#### DIRECTIONS:
Restate word for word the lines of the records below, starting at the line that contains "Nu Trendz Car" and ending at the line that contains "Pink Ladies with Shiny Eyes in Rich Detail", with both of those lines included and nothing else.

#### RECORD SET:
===============

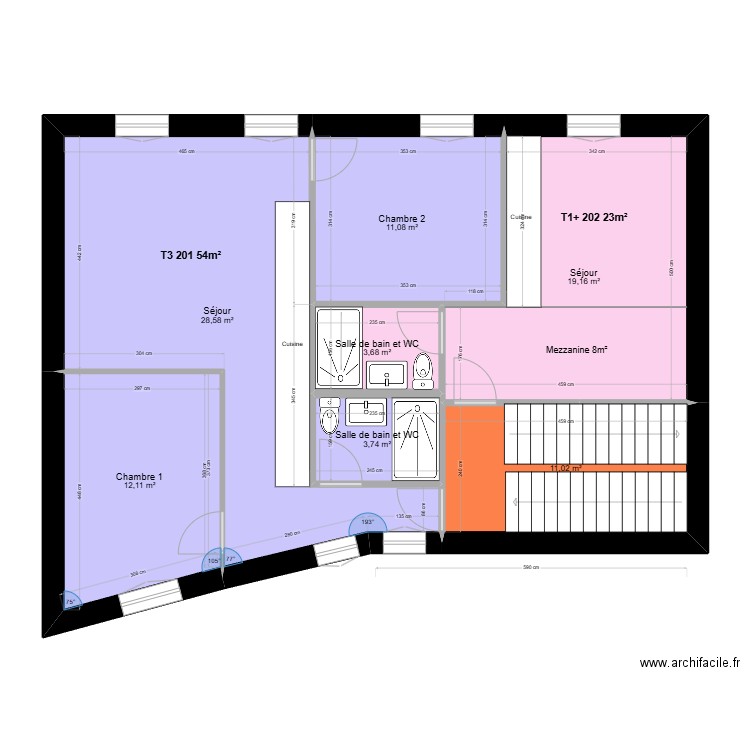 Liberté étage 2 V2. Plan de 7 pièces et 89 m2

===============

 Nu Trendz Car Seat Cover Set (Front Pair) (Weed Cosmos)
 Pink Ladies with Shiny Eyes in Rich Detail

===============

#### RESULT FOR THIS EXERCISE:
 Nu Trendz Car Seat Cover Set (Front Pair) (Weed Cosmos)
 Pink Ladies with Shiny Eyes in Rich Detail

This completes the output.